Saturday, October 8, 2011

Writers on Their Last Supper

Check out the The New York Times Magazine "Food & Drink Issue," where Bill Buford writes about eating warm pig's blood:


"My task was to keep it moving with my hand. I stirred, and a hundred pieces of string thickened against my fingers. I stirred and stirred and seemed to become aware of everything at once. The blood up to my armpit, the smell of the animal, the low wheezes of its last breath, the clear winter light, the color of the sky, the dirt under my knees, the smoke from a fire that had been made to heat water in an old-fashioned cast-iron stove for cooking the boudin noir. That's what the blood was for, blood sausages that would be cooked to a weightless custard.
The strings dissolved, the blood was ready. A friend gave me a ladle, and I dipped into the bucket, and drank it, a little sloppily, aware that I now had a red moustache."

Also, lit blogger Maud Newton discusses rattlesnake:

"Many compare it with chicken, some say it's like alligator and campers in the Southwest, where it's most often eaten, call it desert whitefish. In fact, rattlesnake tastes, at least when breaded and fried, like a sinewy, half-starved tilapia."
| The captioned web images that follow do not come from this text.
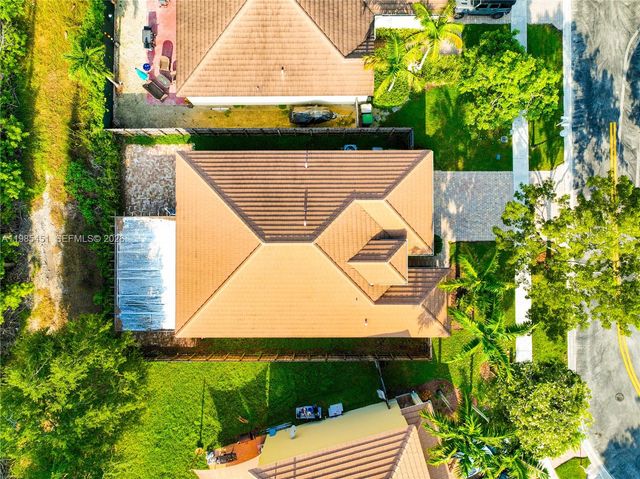 3090 SE 7th Ct, Homestead, FL 33033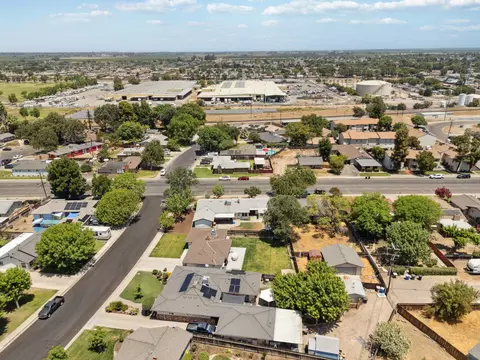 731 W D St, Lemoore, CA 93245 photo 44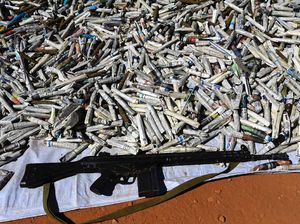 Foto 19 Ton Lintingan Ganja yang Diungkap Saat Penyergapan di Darfur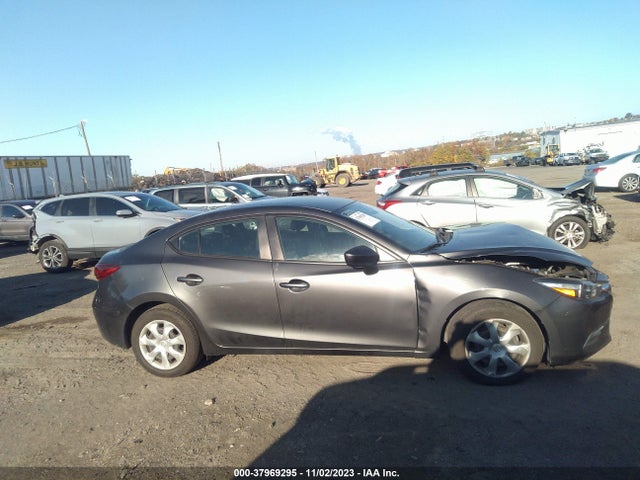 2018 MAZDA MAZDA3 SPORT VIN: 3MZBN1U7XJM195897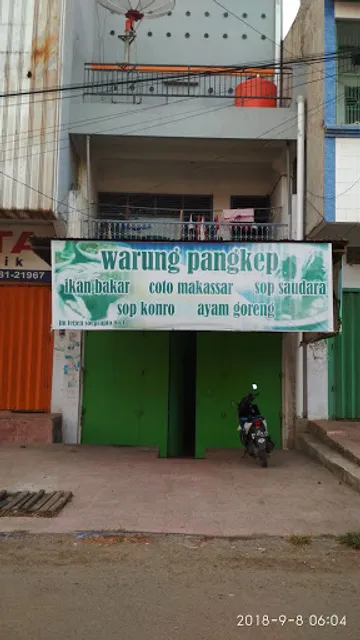 Warung Pangkep Sop Saudara Pasar Sentral lama bone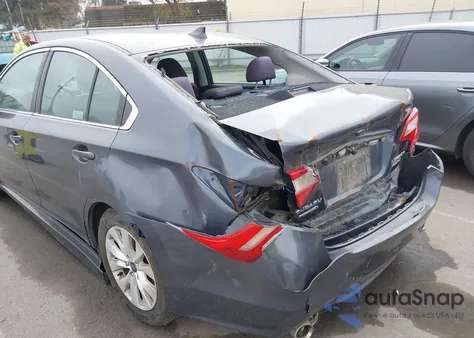 2017 Subaru Legacy 2.5I Premium z USA, uszkodzony, nr VIN 4S3BNAC65H3007455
And Leslie Robarge asks chefs and writers, "What Would You Order for Your Last Supper?"  Here are a few of the responses:

"A piece of bluefin tuna sashimi, some Argentinian beef, chocolate from Bernachon in Lyon, half a dozen local oysters and clams. A P.B.R. in a can (for the clams and oysters), white and red burgundy wine with everything else."
DAVE PASTERNACK, chef and co-owner, Esca
"Cheeseburger with a fried egg. My wife's homemade chocolate- chip cookies. Copious amounts of red wine. Enjoyed in the company of family and friends and accompanied by the Grateful Dead played very loud."
WYLIE DUFRESNE, chef and co-owner, WD-50
"New England clam chowder from the Seafood Shoppe in Wainscott, N.Y.; foie gras with toast from La Grenouille; Nate 'n Al's hot dog; strip steak from SW Steakhouse; duck from the Four Seasons; fried chicken from The Dutch; corn on the cob, hearts of lettuce with Roquefort, onion rings, Bubby's cherry pie, the unbelievable grapefruit dessert from Boulud Sud."